The Department of Education announced Wednesday it will vacate the Lyndon B. Johnson Building — the agency's Washington headquarters for four decades — by August 2026, with the Department of Energy assuming the lease. The building has been roughly 70 percent vacant since the Trump administration began mass layoffs nearly a year ago. Education Secretary Linda McMahon described the relocation as a milestone in the administration's ongoing effort to dismantle the department, stating: "One year ago, President Trump signed one of the most consequential executive orders of his presidency to break up the federal education bureaucracy and return education to the states." The relocation is expected to save approximately $4.8 million annually in operating costs. Fox News confirmed the details under its education coverage; NBC News reported the headquarters move in the context of broader agency dismantling.
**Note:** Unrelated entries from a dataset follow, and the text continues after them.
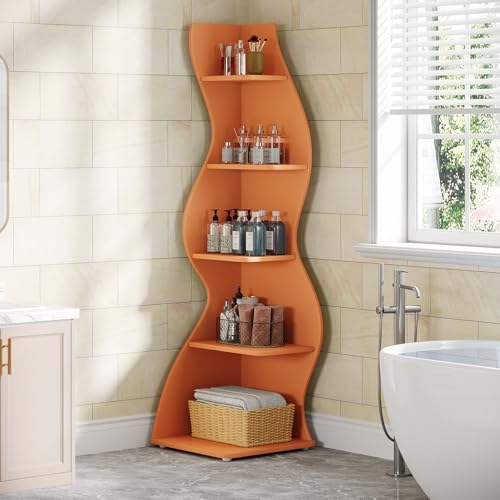 Tribesigns Wavy Corner Shelf Set of 2 Modern 5-Tier Bookshelf with Curvy Shape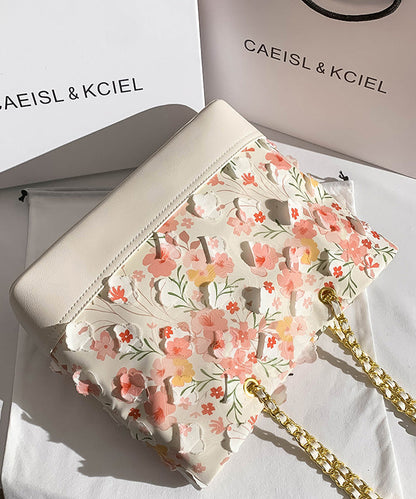 Original Design White Pink Flowers Faux Leather Shoulder Bag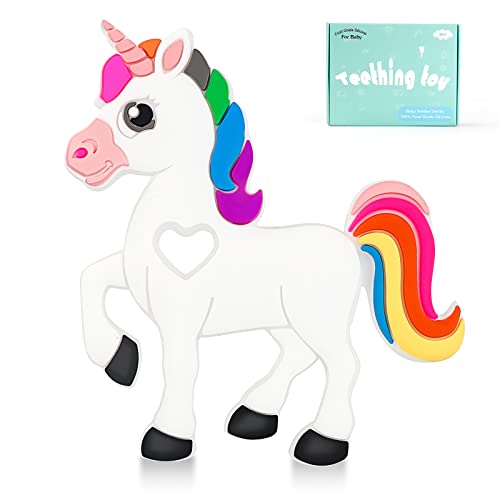 Teething Toys Gifts - HAOBAOBEI Infant Unicorn Teether Toys, Natural Organic Freezer Safe for Infants and Toddlers, Silicone Baby Teethers(1Pack-White)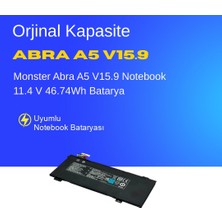 Ümit Maker Monster Abra A5 V15.9 Notebook 11.4 V 46.74Wh Batarya – Orjinal Uyumlu, Yüksek Performanslı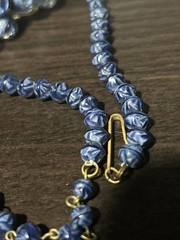 VINTAGE SET WEST GERMANY ART GLASS BLUE LAPIS WATERFALL EARRINGS NECKLACE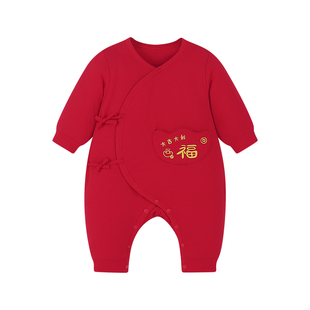 Simbee婴儿连体衣红色福字新生儿满月拜年棉服夹棉保暖宝宝哈衣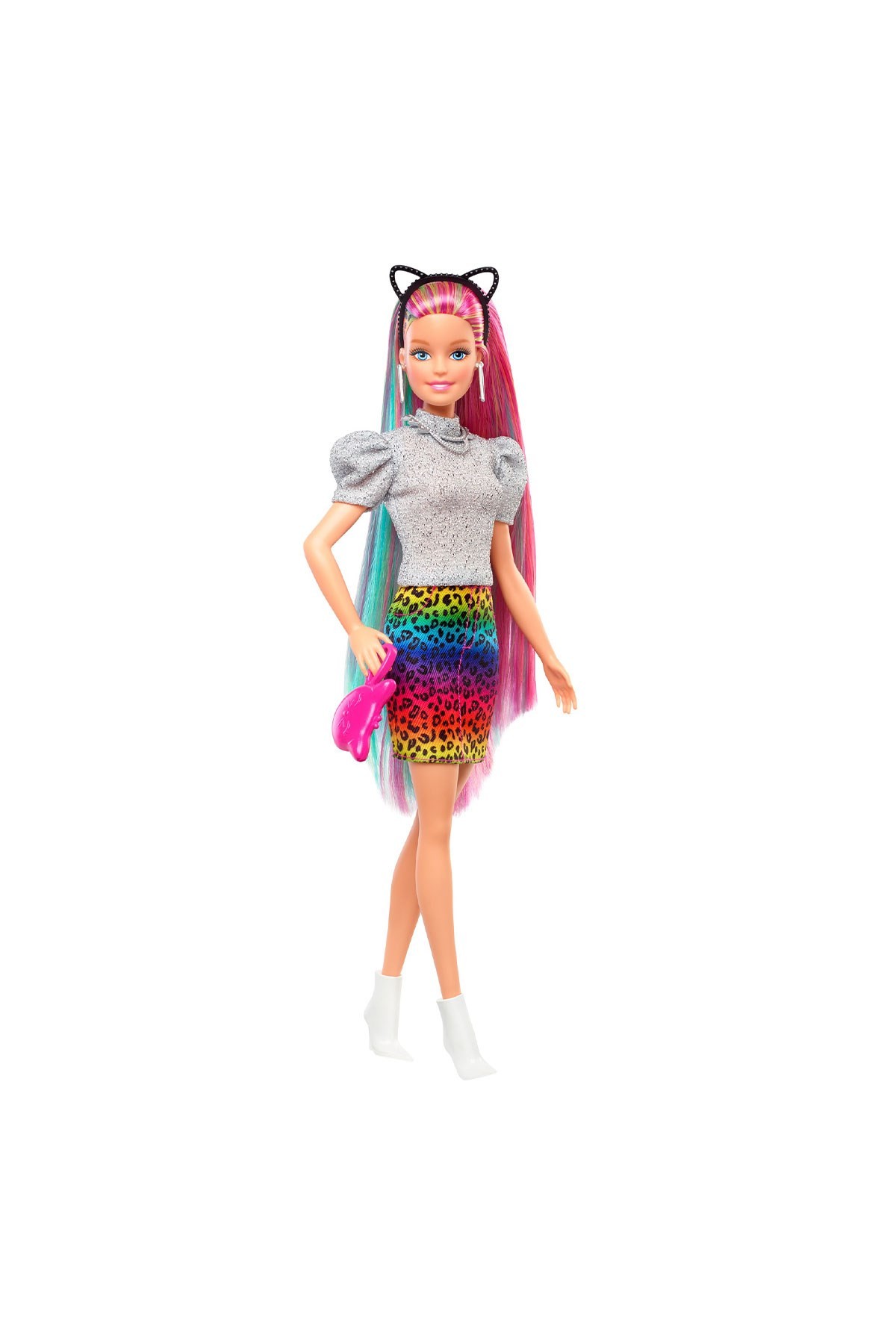 Barbie Leopar Desenli Saçlar Bebeği GRN81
The building's vacation is the latest in a series of steps the administration has taken toward functionally eliminating a cabinet department that only Congress has the legal authority to formally close. Over the past year, the administration has transferred programs through nine interagency agreements: student loan management, now standing at $1.7 trillion, was moved to the Treasury Department; family engagement and low-income school funding were assigned to the Department of Health and Human Services; and teacher training programs were shifted to the Department of Labor. McMahon has used these transfers as "proof of concept" that the Education Department's core functions can be performed by other agencies, arguing the cabinet-level department itself is unnecessary.

Rachel Gittleman, a union representative for Education Department employees, characterized the announcement starkly: "The message the Secretary's announcement sends to our staff and the American public is clear — education is next on the chopping block." Rep. Bobby Scott (D-VA), ranking member on the House Education and Workforce Committee, said: "This decision to close the Department's physical building is not just a symbolic move. It reflects a broader effort to reduce the federal government's role in ensuring people have equal access to a quality education." Congressional Republicans who support the department's elimination have called the executive branch actions a model for how a future Congress could codify the closure into law.

The practical consequences for education programs remain hotly contested. Supporters of the dismantling argue that transferring programs to line agencies with narrower mandates will produce more focused execution of specific programs. Critics argue that the Education Department exists precisely to coordinate and prioritize equity across all federal education activities — a function distributed agencies with competing priorities cannot replicate. The student loan portfolio's transfer to Treasury has been the most consequential move: the $1.7 trillion in outstanding federal student debt will now be managed by an agency whose primary mission is fiscal and monetary policy rather than education access.